2017 was a year of disappointment for MJ Freeway. The seed-to-sale trailblazer finds itself dealing with frequent outages and dangerous data breaches that lead to increasingly dissatisfied customers and contract cancellations.
Recently, Nevada state announced that they will be parting ways with the company, only 18 months into their 5-year contract. This decision came after a period filled with controversy for MJF, and the press is already speculating about what it all means for MJ’s future.
MJ Freeway pioneered in the seed-to-sale software market. The company launched the first service back in 2010. Their innovation became a standard for the newborn legal cannabis industry and competitors have started to emerge.
Software as a Service (SaaS) specialized for the cannabis industry offers a powerful ally for retailers, who have to undergo strict regulatory audits. “Seed-to-sale reporting is an important step for bringing legitimacy to the nascent cannabis industry, as well as helping businesses navigate the often byzantine regulations on a state-by-state basis,” said Jeremy Berke, a columnist for Business Insider.
MJ Freeway still remains the biggest player in the space, owning more than 40% of the market.
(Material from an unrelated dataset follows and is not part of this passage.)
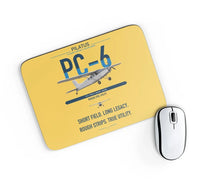 Thumbnail for Pilatus PC-6 Porter design on yellow rectangle mouse pad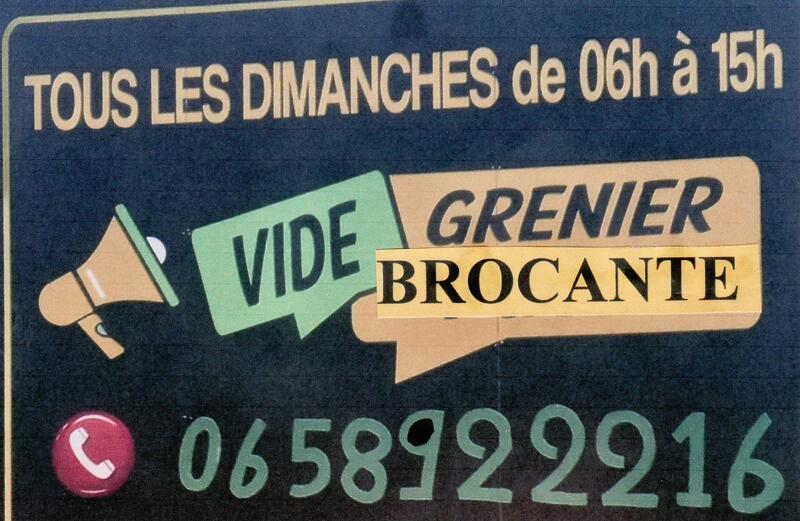Vide grenier et brocante des "serres"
Their software is designed to be compliant with every state’s regulatory agency, providing data for every aspect of the cultivation and sale processes. Therefore, the system tracks data at all points in the cannabis supply chain, distribution, retail, or wholesale. That’s a mountain of data that’s hard to handle. As the industry is growing, so is pressure from local authorities, who want the software to be not only robust but reliable.
Outages, Data Breaches, and Breakdowns
Problems for MJ Freeway began in January 2017 when their servers were hacked, leading to a major cash of the PoS systems. In June, a source code leak led to a second security breach that drew a lot of attention from social media and the press. Connor Penhale, CEO of Compliant Cannabis said: “Once that risk is there, you’ve got a threat. Based on the track record that MJ Freeway has – do I feel confident that they can handle this one more big thing that they have on their plate?”
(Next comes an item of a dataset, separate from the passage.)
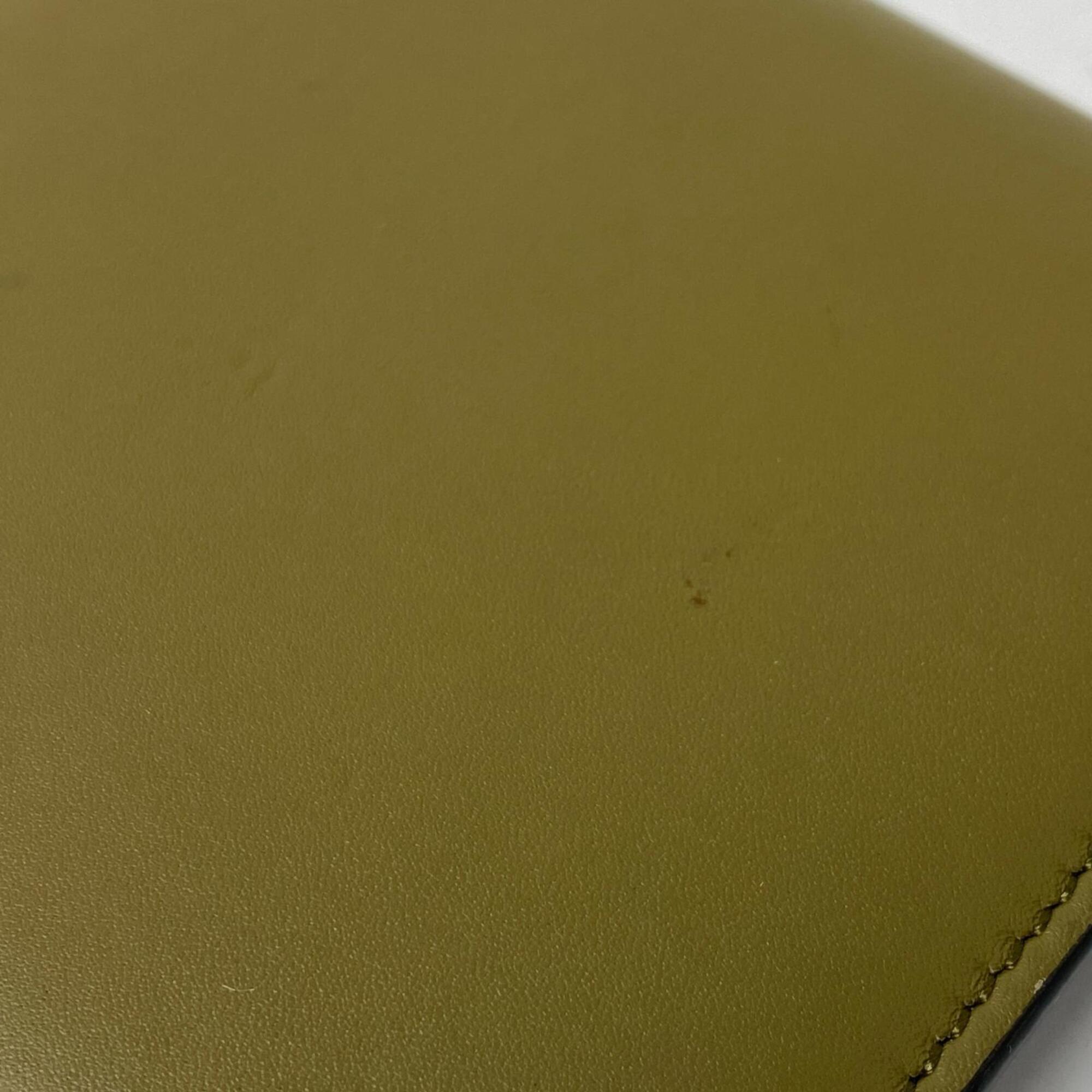 Loewe Yellow Leather Wallet (Bi-Fold) (Pre-Owned)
The company’s CEO and COO asked for support during this difficult time for the company. A video statement was released in which Amy Poisnett, MJF’s CEO, explained the technical nature of the problems. Jessica Billingsley, COO of MJ Freeway reminded: “What we need to do is to work to transition our existing legacy customers to our new platform because it’s a much-improved product and not as susceptible to this type of issue. It is not an exaggeration to say that we have spent more on security in a quarter than most of our competitors’ gross in a quarter.”
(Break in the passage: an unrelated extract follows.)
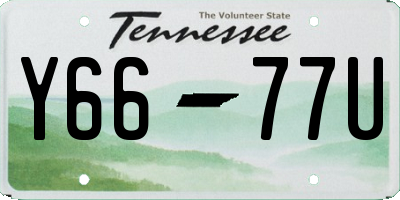 TN license plate Y6677U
MJ Freeway and the Washington Cannabis Program Controversy
Despite MJ Freeway’s reassurances, the hard part might not be over yet. MJ Freeway’s Washington cannabis program, Leaf Data Systems was set to go live on November 1st. However, the state announced in the previous week that it will be postponed until January 2018.
This setback caused the press speculate even more on the future of the seed to sale giant. Spokane’s Spokesman-Review stated that the delay was a “Database Detour,” while Ganjapreneuer labeled the Washington delay a “Cannabis Armageddon Seed to Sale Halloween Scare.” David Busby’s Washington-based compliance software provider WeedTraQR predicted in a July blog that “Leaf Data system is barely ready for prime time… we’re predicting disaster.”
Currently, the state is trying to cut a deal with BiotrakTHC, who are reportedly reluctant to undertake the project after the involvement of MJF. So, in order to avoid further abuse or diversion to out-of-state markets, Brian Smith, spokesman for the Washington State Liquor and Cannabis Board (LCB) stated, “We’re very pleased with MJ freeway and the work that they’re doing.” Whether he means it or not remains to be seen.
Putting it All Back Together: The Future of MJ Freeway
MJF has a mountain to climb, as it has to deal with internal issues as well as repairing their reputation. Amy Poisnett said: “We understand our clients’ frustration and we apologize for the inconveniences.”
On a more defiant tone, J. Billingsley further added, “We’re not in this business for short-term wins. While we’ve been first to market, we’ve also been first to stumble… We literally invented seed-to-sale software, patented it. And all we do is to strive to do the right thing for our clients, to be part of the solution and to show the industry that we care.”